El Tribunal Constitucional, este tribunal, con la precisión de un reloj suizo, ante los eventuales recursos, aplicará la doctrina de los ERE, que será también la de la amnistía, o sea, la de la impunidad. Los secesionistas han sido indultados y amnistiados al margen de la Constitución porque los encargados de controlar las decisiones de poder para garantizar su aplicación así lo han decidido y, seguramente, lo decidirán. Cuando esto sucede sabemos en qué se convierte el orden jurídico constitucional, garante del orden social: sufre la libertad individual.

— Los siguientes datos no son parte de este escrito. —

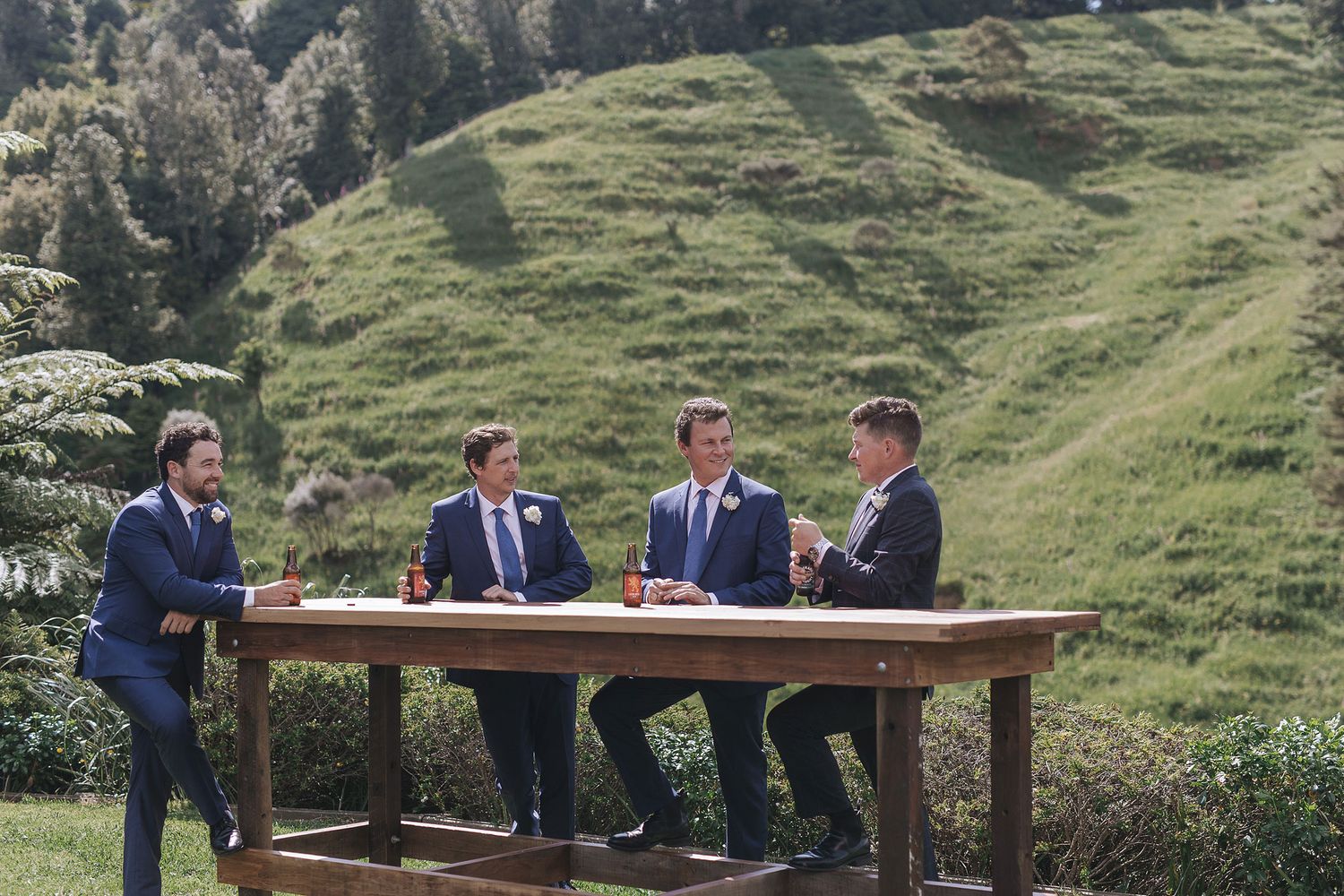 Officials meet at an outdoor wooden table in a scenic mountain landscape setting with lush green slopes in the background.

El soberanismo parlamentario, convertido en soberanismo gubernamental, es la ideología tóxica y tiránica que soporta el populismo -de todos los partidos- que está quebrando la democracia.

Un jurista, nada sospechoso para la izquierda como Luigi Ferrajoli, al teorizar sobre la crisis de la democracia y, en particular, sobre lo que denomina “democracia formal”, advierte de la deriva “absolutista” que está sufriendo cuando el “líder”, encarnación de la (inexistente) voluntad popular, está legitimado para liberarse de cualquier límite. Es el “populismo iliberal” en sus distintas manifestaciones que tiene dos componentes: por un lado, el absolutismo de la voluntad popular y, por consiguiente, el de su jefe o su líder; y, por otro, el “fastidio populista” tanto con el pluralismo institucional como con el pluralismo político. Los tribunales o reivindican su función constitucional, como hace la Sala II del TS, o se convierten en cómplices de la deriva que alimenta la crisis de nuestra democracia. No hay término intermedio. La Historia, con mayúscula, los reta. Liberar al poder de la sujeción a la Constitución es esclavizar. Es la gran aporía que da sentido a la democracia de los ciudadanos, la democracia constitucional.